Essa foi a primeira de muitas inflexões na trama. Difícil comentar essas inflexões sem dar spoiler, mas muitas vezes achei que o livro ia mudar de assunto completamente. Umas vezes acertei, outras não.

Os tais “mistérios” aparecem quando Nicholas encontra um tal senhor Komchis, um milionário excêntrico, dono de uma propriedade isolada em uma parte isolada da ilha. A partir daí surge uma série de jogos psicológicos que compõem as reviravoltas da trama.

Mas mais do que isso, o livro é muito bem escrito, os personagens psicologicamente complexos, sendo revelados aos poucos, em camadas, com suas contradições e angústias muito bem colocadas.

O livro virou filme nos anos 60, com Michael Caine no papel de Nicholas e, sempre ele, Anthony Quinn como Komchis. Não vi, deve ser bom, mas duvido que seja melhor do que o livro, não só porque isso raramente acontece com qualquer livro, mas acho difícil que tenha sido possível traduzir em imagens toda a complexidade dos personagens, das relações etc. Mas deve ter ficado bonito se foi mesmo filmado em uma ilha na Grécia, rs.

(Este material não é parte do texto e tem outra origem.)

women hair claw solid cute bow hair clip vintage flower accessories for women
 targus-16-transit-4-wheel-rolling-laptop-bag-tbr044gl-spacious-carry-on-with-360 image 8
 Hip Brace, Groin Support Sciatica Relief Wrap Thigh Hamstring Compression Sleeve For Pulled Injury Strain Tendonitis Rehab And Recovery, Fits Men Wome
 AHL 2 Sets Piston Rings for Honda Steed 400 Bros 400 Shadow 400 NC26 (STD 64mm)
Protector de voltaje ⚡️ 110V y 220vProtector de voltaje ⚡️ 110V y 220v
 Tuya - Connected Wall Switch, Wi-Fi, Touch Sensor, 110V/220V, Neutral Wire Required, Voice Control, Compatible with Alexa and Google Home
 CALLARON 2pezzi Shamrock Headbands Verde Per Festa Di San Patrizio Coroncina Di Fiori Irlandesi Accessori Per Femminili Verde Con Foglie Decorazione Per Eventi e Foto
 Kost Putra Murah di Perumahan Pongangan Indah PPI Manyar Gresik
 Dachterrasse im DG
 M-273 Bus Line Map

Li que o próprio Fowles entendia o romance como uma espécie de desenho de Rorschach, aquele teste psicológico em que são mostradas manchas meio amorfas e cabe ao espectador (no caso, o leitor) concluir qual a forma daquele borrão. Não sei se concordo com essa comparação, pois os personagens são bem mostrados, com muitas zonas veladas ou pouco explícitas, é verdade, mas eles estão lá, e as relações estão colocadas. O final tem alguns pontos abertos, que não chegam incomodar porque o livro é em primeira pessoa, então ok não cobrir todas as perspectivas. Mas não é um livro com “final aberto”.

Este é um bom romance pós-moderno, onde os personagens têm camadas realistas, a trama traz inflexões pouco verossímeis porém realistas, com jogos psicológicos que prendem o leitor, chamando a curiosidade sem cair na trilha comum de livros de mistério. Recomendo!